Droits des personnes réfugiées ou migrantes
Après le coup d’État militaire qui a eu lieu en février au Myanmar, trois journalistes qui avaient fui en Thaïlande ont été arrêtés par les autorités pour être entrés dans le pays de manière illégale. Les gardes-frontières ont renvoyé au Myanmar environ 2 000 villageois·es karens qui avaient fui en Thaïlande pour échapper aux bombardements aériens de l’armée. En novembre, les autorités ont renvoyé de force des réfugié·e·s au Cambodge.
Droit à la santé
La Thaïlande a subi une troisième vague de la pandémie de COVID-19 en avril. La lenteur dont le gouvernement a fait preuve pour déployer le vaccin a été citée comme un facteur déterminant de cette vague et d’autres pics de contaminations au cours de l’année. Les données du gouvernement indiquaient que plus de 20 000 personnes étaient mortes du virus. Environ 87,000 cas ont été enregistrés dans les prisons, la situation étant aggravée par les conditions d’insalubrité et de surpopulation qui y régnaient. En conséquence, 185 détenu·e·s au moins sont décédés des suites du COVID-19.

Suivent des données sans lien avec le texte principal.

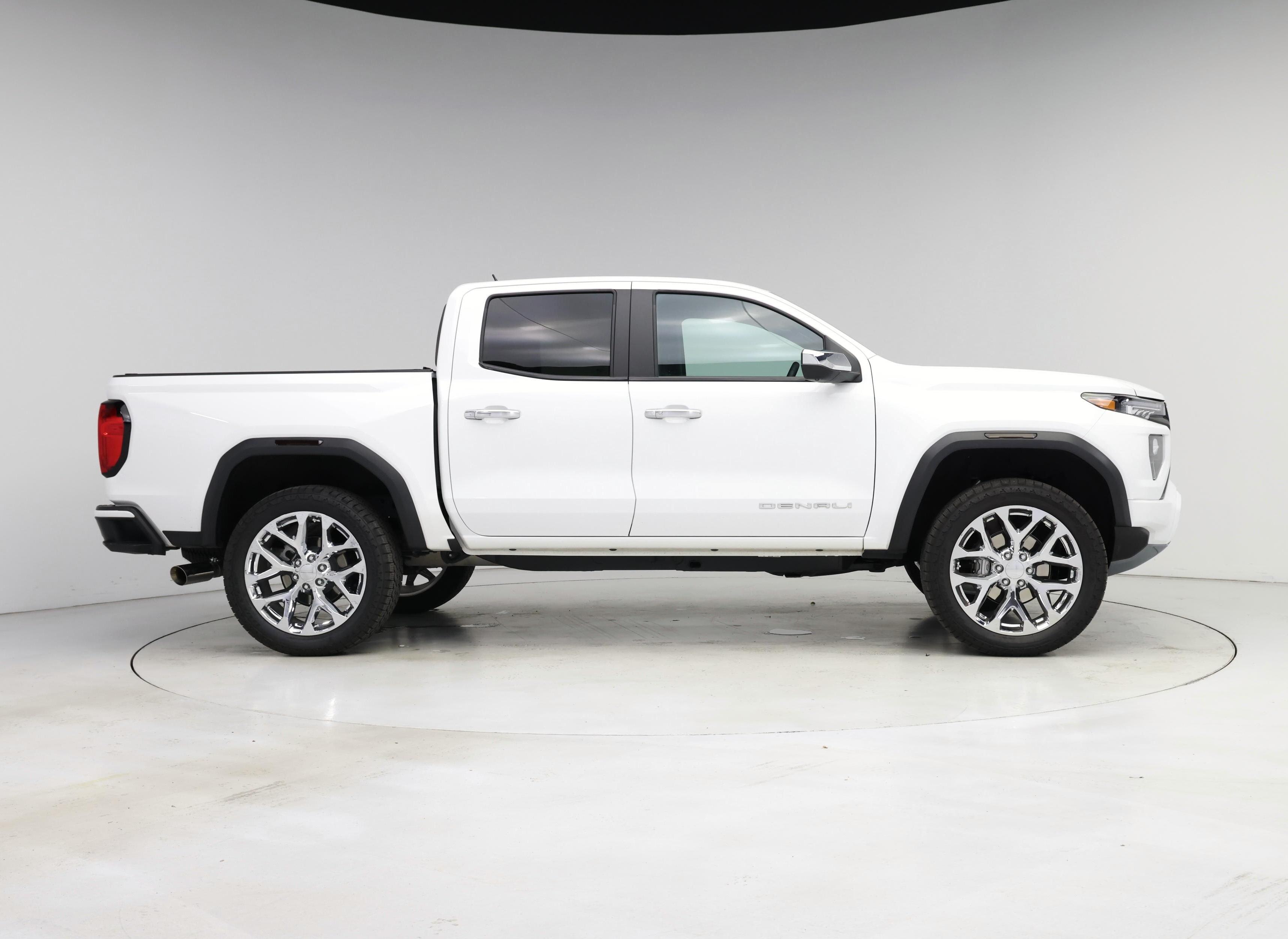 Thumbnail: 2024 GMC Canyon - 7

Droits des peuples autochtones
En février, des membres du peuple Karen ont manifesté devant le siège du gouvernement à Bangkok, exigeant d’être autorisés à retourner sur leurs terres ancestrales dans le village de Jai Pan Din, au sein du parc national de Kaeng Krachan, où ils vivaient depuis des décennies avant d’en être expulsés de force en 2011. Le mois suivant, 22 Karens ont été arrêtés dans le parc national de Kaeng Krachan et placés en détention pour intrusion. Aucun avocat n’a été autorisé à être présent durant leurs interrogatoires.
Droits sexuels et reproductifs
Le Parlement a modifié le Code pénal en février, rendant l’avortement légal pendant les 12 premières semaines de grossesse. La peine d’emprisonnement pour les femmes condamnées pour avoir volontairement mis fin à leur grossesse après le premier trimestre a également été réduite de trois ans à six mois, mais l’avortement après 12 semaines était toujours considéré comme une infraction pénale.